Helliwell presents Lizzie’s story mostly through monologue, with a bare set containing just a single chair. The pressure is on, then, to engage the audience directly for an entire hour, but fortunately Helliwell is well up to the challenge. Although we see her talking to her therapist Marie (played by Carla Kayani-Lawman – more on that shortly), Lizzie repeatedly breaks off from what she is saying to talk directly to the audience, explaining her feelings towards Marie, how she is not necessarily answering her questions fully, and explaining the background to the issues for which she is seeking therapy.
Helliwell is at ease with the audience – even when her verbal performance moves to the physical in a burlesque dance sequence midway through the play – and her conversational style is one of the reasons why Lizzie Boone is such a likable character for all her flaws. Though her interactions with Marie are hesitant and sometimes forced, her address to the audience is natural and unguarded. Helliwell does a good job of creating this balance, allowing the audience to warm to her character to pave the way for a jubilant and celebratory ending.
While I’ve said that Marie is played by Kayani-Lawman, it should be noted that this is an off-stage performance. Helliwell is the only performer that we see on stage. Other characters are performed through recorded voiceovers, to which Helliwell responds, often adding additional descriptive details that allow us to picture the individuals and better understand their relationship to the protagonist-narrator (whether all of the descriptions are flattering or neutral… well… no one said this wasn’t a highly subjective piece!). Through these voiceovers, we learn of Lizzie’s relationship to the various men in her life and her past, including Robin (voiced by Christopher Sutcliffe), a recent boyfriend with whom Lizzie has had a disagreement, Rick (voiced by Adrian Stretton), an unpleasant ex, Paul (voiced by Rodney Gooden), a platonic friend who responded badly to learning about the details of Lizzie’s sex life, and Mr Paxam (also voiced by Gooden), a P.E. teacher at Lizzie’s sixth form college.
It is this last character who provides some of the more unpleasant content in the show (though Rick comes a close second in many ways). As the content warnings for the show indicate, one of the issues Lizzie has been struggling with is the emotional aftermath of a sexual assault when she was at college. Helliwell takes the bold decision to enact some parts of this on stage, coupled with a voiceover of the aggressor. Bold as it may be, it’s a very astute decision, as it subtly embodies the reality of living with the aftereffects of a traumatic experience. What the audience sees is Lizzie enacting the abuse on herself (it is, after all, Helliwell’s own hands that are performing as Mr Paxam’s), while the voice of her assailant echoes around her. It was uncomfortable to watch, but very cleverly staged.
On a lighter – and much more hopeful note – there is another voiceover that plays a different role in Lizzie’s story. Mary Taylor voices Debz (with a ‘z’ not an ‘s’), Lizzie’s closest – only – friend. On her first audio appearance, Debz appears to be the polar opposite of Lizzie. She’s married with a child, plus brasher and more self-confident. The pair seem to have little in common, and we later learn that they met quite by chance when their respective workplaces held their Christmas parties at the same venue.

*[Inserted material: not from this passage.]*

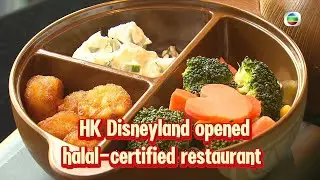 TVB News | 26 Sep 2025 | HK Disneyland opened halal-certified restaurant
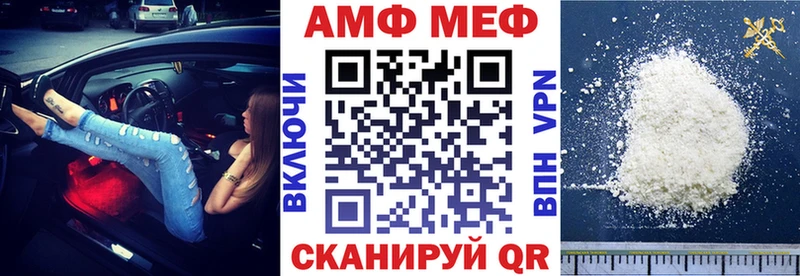 Amphetamine 97%  Лермонтов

At times, it’s easy to get infuriated with Debz, who seems to be ignoring her friend’s anxieties and problems in favour of her own lascivious fantasies of adultery. However, there is more to Debz – and more to her friendship with Lizzie – than we first realize. I really enjoyed the way Lizzie and Debz’s friendship was evoked through suggestion and implication, which was often at odds with the way Lizzie bluntly described it. There is an unexpected warmth to this portrayal of a mismatched, but ultimately very strong, female friendship, and despite the fact that Debz initially appears to be introduced for comic relief, I found myself wanting to see more of this pair of friends. I would happily watch a Lizzie-and-Debz sequel to The Formidable Lizzie Boone!
(As an aside, Helliwell’s other production at this year’s Greater Manchester Fringe, Fruit Salad tells the story of a mismatched pair of friends, Cherry and Peaches (played by Taylor and Helliwell), who meet by chance but develop an ‘unlikely but beautiful friendship’. Clearly, this is a theme that Helliwell is drawn to in her writing, and it’s an interesting and thought-provoking one.)

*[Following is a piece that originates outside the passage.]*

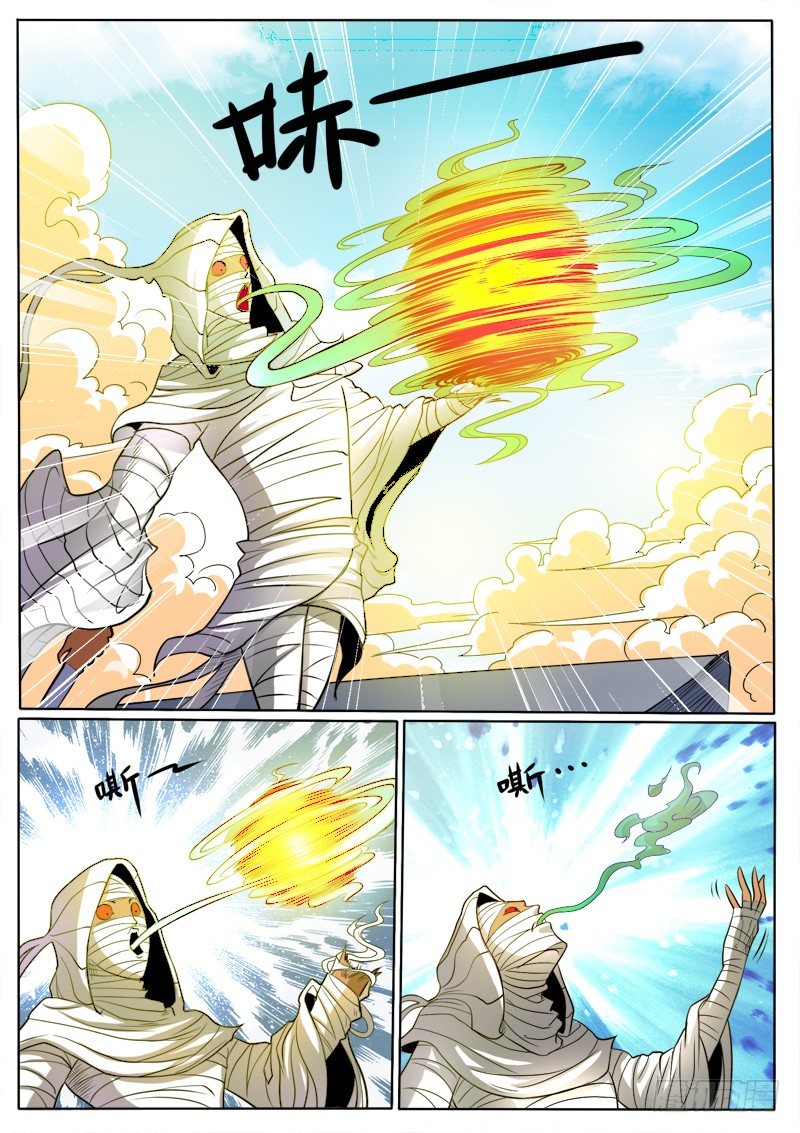 5 屠神6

To return to The Formidable Lizzie Boone, what Helliwell ultimately offers audiences here is a well-drawn character sketch of a troubled, but far from hopeless, young woman on the verge of discovering who she really is. I don’t think it’s a spoiler to say that Lizzie Boone isn’t a psychopath, but she is a character who is struggling to understand her own personality and identity. The audience comes to know Lizzie as she comes to know herself, allowing us to share her sense of hope and celebration at the ending.
Once again, the Fringe has offered a well-written and well-performed solo show – continuing my soft spot for this type of performance! Helliwell’s writing reveals a knack for capturing something about the mundane and ordinary business of human interactions (even interactions of an unpleasant nature) and elevating it to a poetic, imaginative and compelling stage performance. This is another writer who I think is one to watch in the future.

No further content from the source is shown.